A work of art can exhibit virtuosity, but fail to connect to its audience in any way. For example, a concert pianist might be a virtuoso playing a Mozart concerto, but if he performs before an audience for whom the Western tonal system is foreign and meaningless, then for me the performance lacks "quality." On the other hand, a story told by someone who lacks virtuosity, but whose story connects to its audience in a powerful, immediate way, for me, is a higher "quality" performance. In other words, "quality" exists not in the work of art or performance itself, but in the experience of the art by a specific audience.
Which brings me to what I consider more important than virtuosity: authenticity or genuineness. The characteristic of being "free from pretense, affectation, or hypocrisy; sincere:; or "Honestly felt or experienced: genuine devotion." This is a characteristic that exists both within the artist and the audience. The works is genuinely felt by the artist and authentically experienced by the audience. To me, more than anything else, this is what leads to a "high quality" performance -- the authentic communication of a genuine emotion or idea from artist to audience.
Sometimes, authenticity is enhanced by virtuosity -- for instance, think of when you watch figure skating in the Winter Olympics and you have been informed how difficult a particular move is and how long the skater has been working on it. When that skater successfully executes that move, you as an audience share in his or her authentic emotion and you appreciate the sheer virtuosity of what was accomplished. But all too often, virtuosity becomes an end in itself, and it stands between the audience and the epxerience.
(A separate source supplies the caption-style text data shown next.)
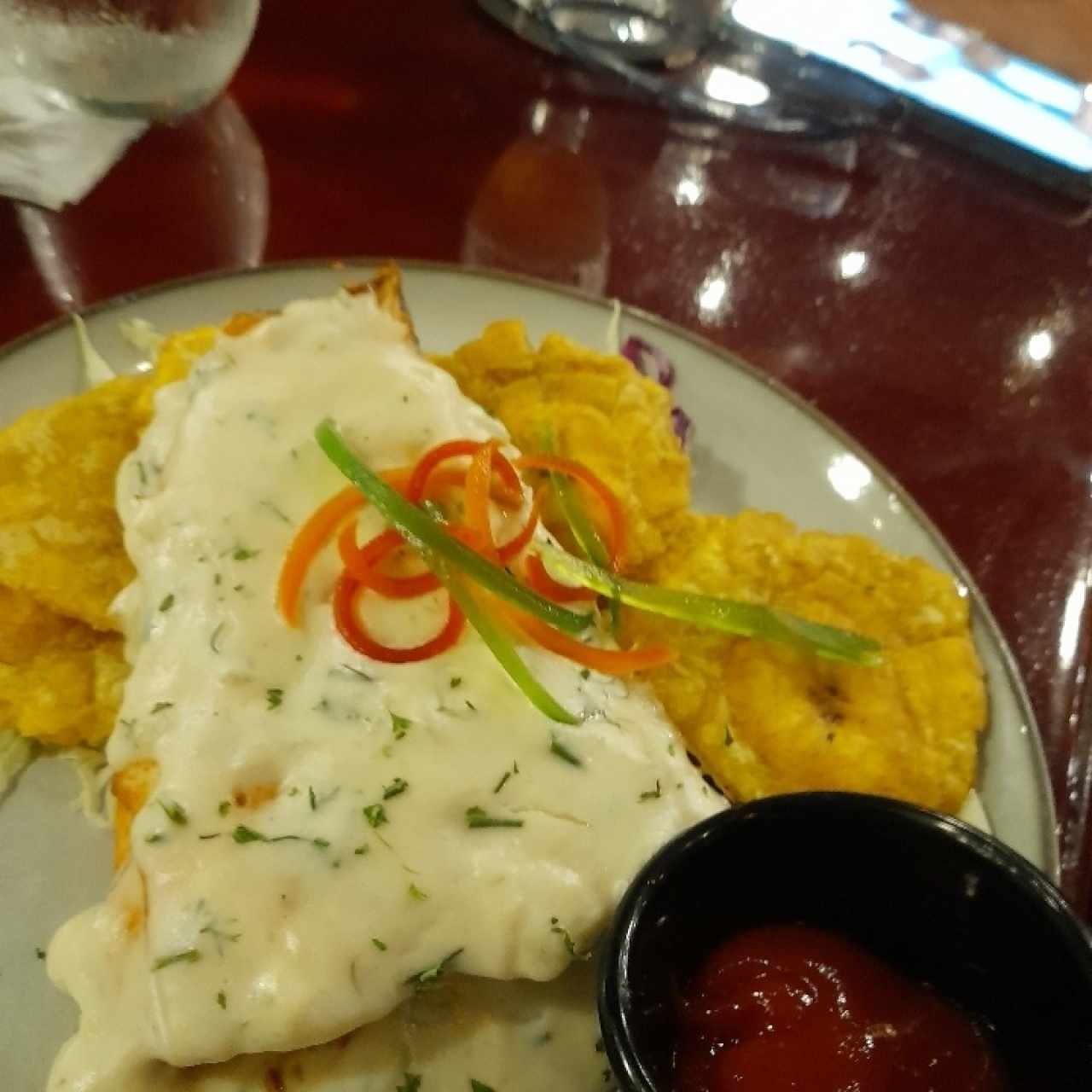 Salmon Fillet in Citrus Sauce with Fried Plantain Chips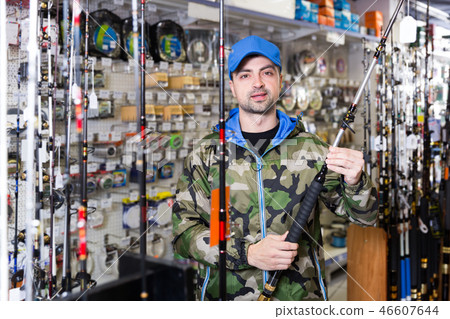 positive fisherman in fishing clothing with fishing rod in the sports shop positive fisherman in fishing clothing with fishing rod in the sports shop 46607644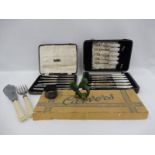 A cased set of six MOP handled fish eaters, a cased set of six silver handled knives and an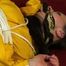 Lucy tied and gagged on a red sofa wearing a sexy yellow shiny nylon shorts and a yellow rain jacket (Video)
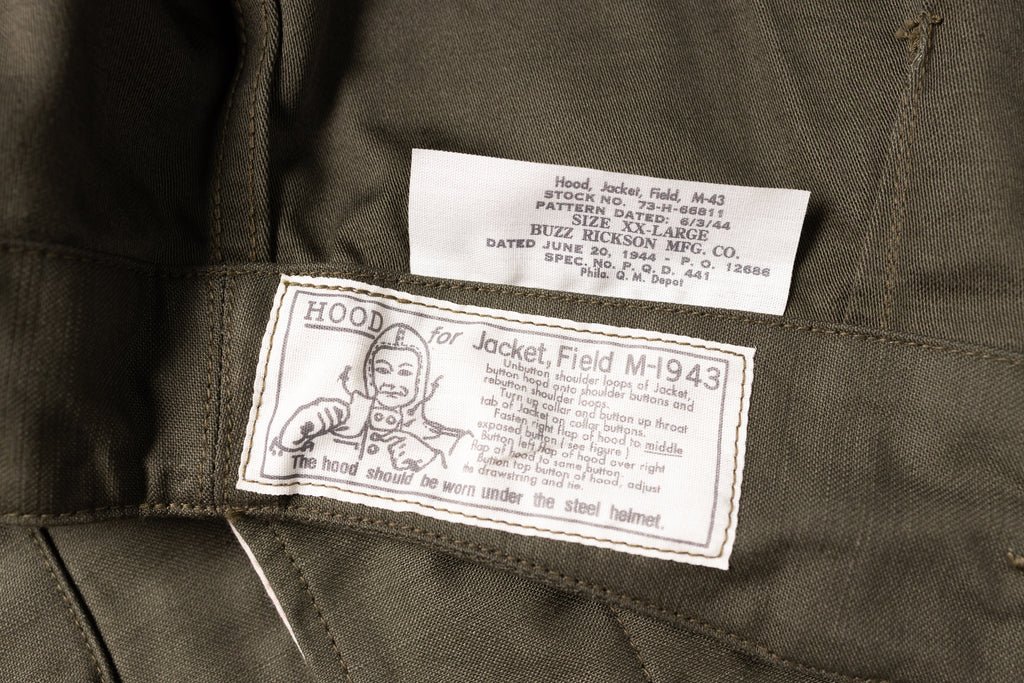 Close-up of a military jacket with labels and text on a dark background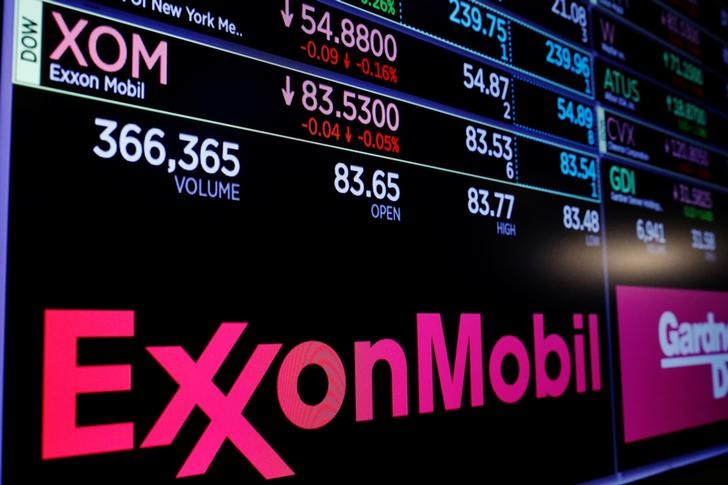 A logo of Exxon Mobil is displayed on a monitor above the floor of the New York Stock Exchange shortly after the opening bell in New York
The form has taken precedence over the content, and the result is an empty experience and a lower "quality" experience for the audience. For example, much modernist art is incomprehensible to the average spectator, and while it may exhibit a high level of virtuosity, the experience is one of bafflement.
Would that experience be improved by a degree of knowledge, so that one might appreciate the technique? Absolutely, and such knowledge might release the authentic emotion contained within the virtuosity. But again, that rests not in the virtuosity itself, but in the interaction between audience and work of art. Which in turn means that the "quality" of a work of art changed with each audience.
Like Tom, I find most theatre that I see mediocre at best. But for me, it isn't because it lacks virtuosity, but rather that it lacks genuineness -- I don't believe it, I don't feel it. It doesn't speak to me, because I have no connection to the artist, the story he or she tells has little connection to my life, and all the virtuosity in the world won't bridge that gap.
Obviously, the ideal is to combine virtuosity and authenticity. The question is which element is primary. For me, a work of art needs to first be authentic; virtuosity is frosting on the cake.